DATASET EXTRACT →
____

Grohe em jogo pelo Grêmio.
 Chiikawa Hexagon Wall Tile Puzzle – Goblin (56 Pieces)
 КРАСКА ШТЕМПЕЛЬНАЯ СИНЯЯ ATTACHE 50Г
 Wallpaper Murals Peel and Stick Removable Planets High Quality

____

PROBLEM TO WORK ON → Every line of the data is to be retyped without alteration.

EXPECTED ANSWER →
Grohe em jogo pelo Grêmio.
 Chiikawa Hexagon Wall Tile Puzzle – Goblin (56 Pieces)
 КРАСКА ШТЕМПЕЛЬНАЯ СИНЯЯ ATTACHE 50Г
 Wallpaper Murals Peel and Stick Removable Planets High Quality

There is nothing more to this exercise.